MMO readers will recall that earlier this year, the industry erupted over a public relations fiasco Activision-Blizzard failed to adequately counter: In the midst of yet another round of layoffs for the company, CEO Bobby Kotick, already one of the highest-paid CEOs in the country, was poised to take advantage of a dodgy clause in his contract that could see him rake in as much as $200M more in payouts.

The backlash led to Activision’s board announcing that it would be halving Kotick’s base salary and annual bonus in the future, but not before the original reporting curiously vanished from the internet and a whole wave of new and identical counternarrative articles claiming the $200M number was bogus started cropping up in searches. (We reported on that whole weird situation at the end of the original article; it seemed to us that Activision was very invested in discrediting the $200M figure without actually going on the record to deny it. Bloomberg currently puts Kotick’s estimated 2021 bonus haul at closer to $155M.)

In any case, the movement forward this week is that Activision-Blizzard’s annual shareholders meeting was yesterday, and apparently while the company was able to vote on most agenda items, the board has extended the voting on executive pay by an extra week, contending that shareholders needed more time. Since the news was announced in an Activision-Blizzard press release, of course, the company recommends that shareholders approve the board’s proposal and reiterates its position that it’s already done enough to curtail executive pay excesses. “The Company’s Compensation Committee, after discussions with our CEO, took a significant step to reduce the originally-anticipated value of his 2021 performance-based equity award – reducing the value of its maximum payout opportunity by approximately 40%,” AB says.

But AB also uses the press release to disparage industry reporting on its C-suite compensation as “misleading” and implies that shareholders have traditionally supported the company’s executive pay, pointing to large majority votes in 2018 and 2019 but neglecting to mention 2020 when that was not the case. The shade appears to be directed at CtW Investment Group, which without a doubt has been the investor group at the forefront of agitation against corporate pay abuses in the last few years.
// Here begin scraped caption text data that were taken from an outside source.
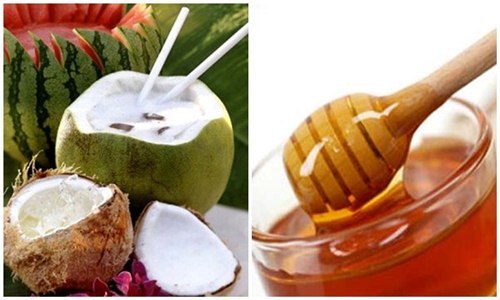 Gột sạch mụn cùng vết thâm nhờ nước dừa pha cùng mật ong - 2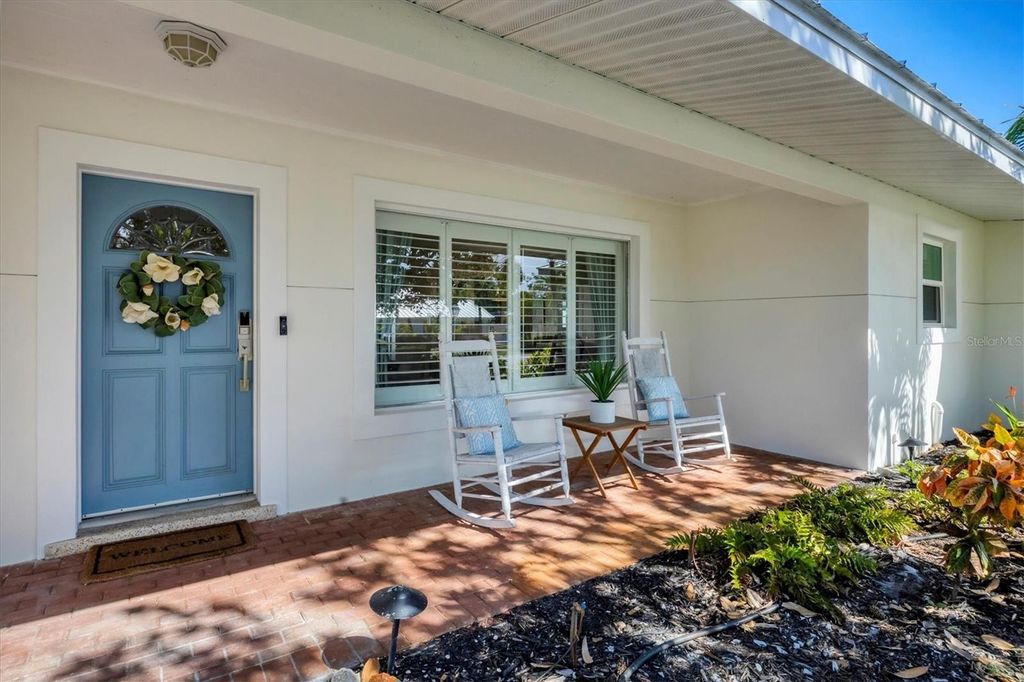 Image 4 of property listing at 2149 WASON ROAD, Sarasota, FL 34231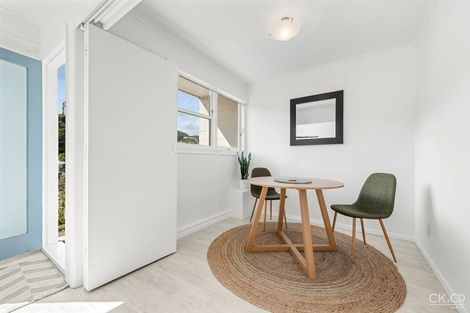 Photo of property in 2/26 Deller Grove, Silverstream, Upper Hutt, 5019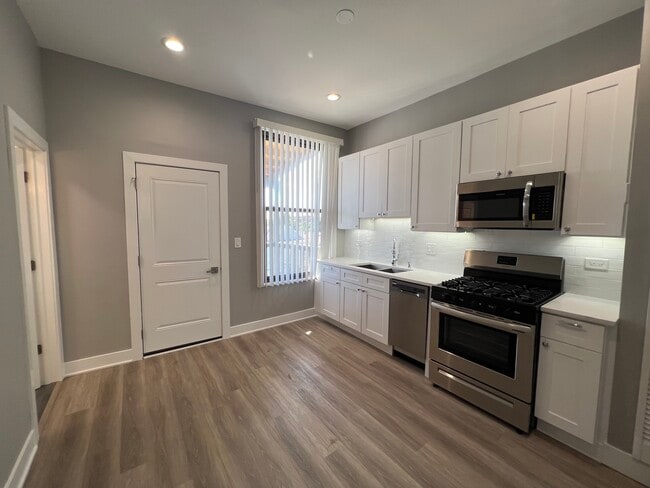 Photo - 1227 W Ohio St Unit 3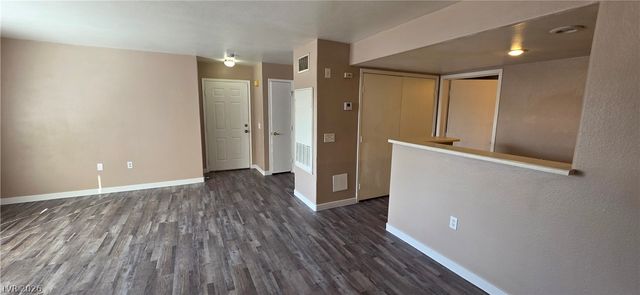 1830 North Pecos Road 142, Las Vegas, NV 89115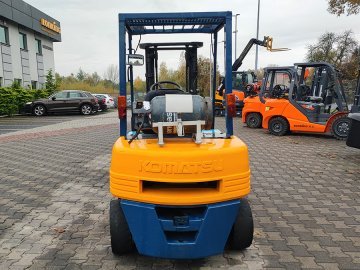 wózek widłowy Komatsu FG25-11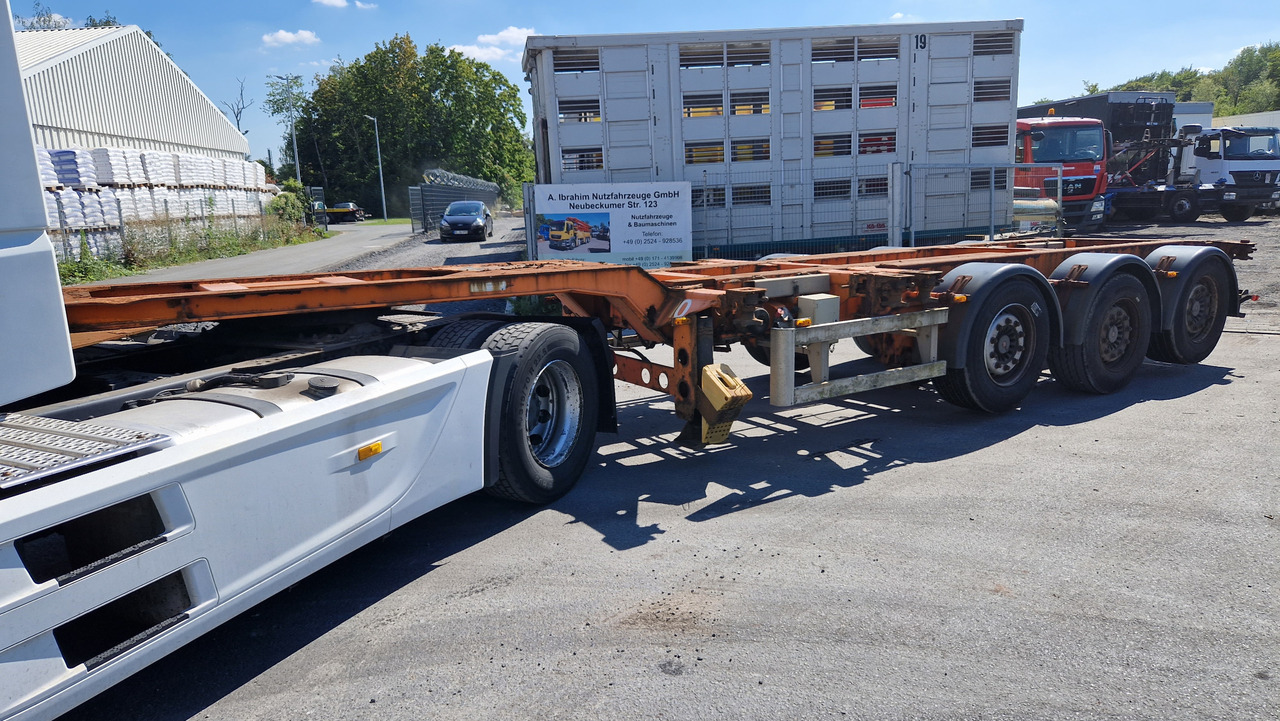 M&V Euro 902K Containerchassis 2x 20, 30, 40 ft Zustand normal - Containertransporter/ Wissellaadbak oplegger: afbeelding 1 M&V Euro 902K Containerchassis 2x 20, 30, 40 ft Zustand normal - Containertransporter/ Wissellaadbak oplegger: afbeelding 1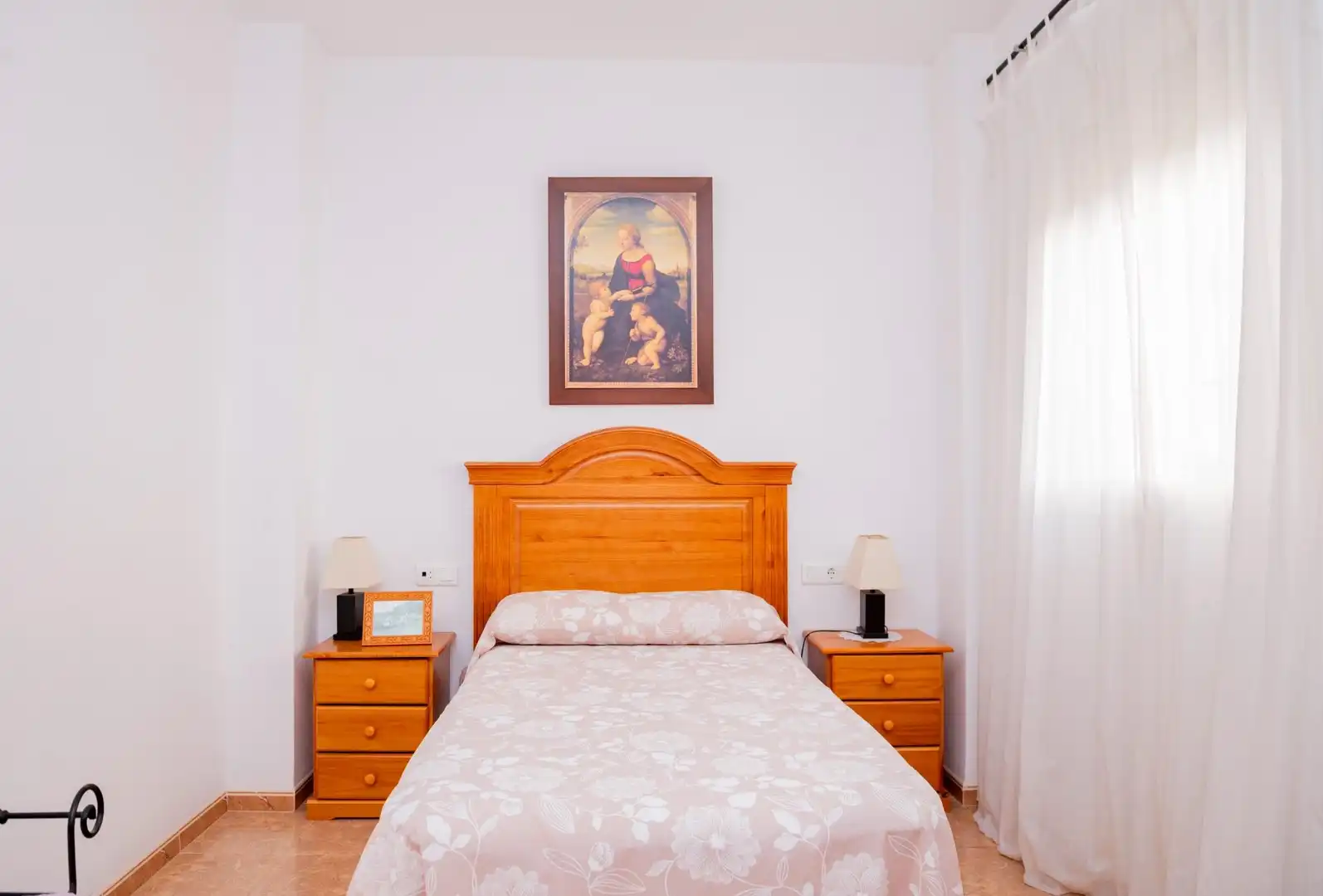 Bedroom of Houses for sale in Cuevas Bajas  with Air Conditioner, Terrace and Storage room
The group, which purports to represent long-term Activision-Blizzard investors, declared a spiritual victory last year in its efforts to curb executive pay abuses when it convinced over 43% of AB shareholders to vote against AB’s “say-on-pay” policy. (It also successfully convinced a large majority of EA shareholders of the same.)

The group was back with a press release of its own last night, arguing that 86% of the votes were already in and that AB is merely trying to sway the vote. “Activision Blizzard board’s action today is desperate attempt to avoid losing the shareholder vote on executives’ pay,” CtW claims. “The Activision board should call an end to this charade.”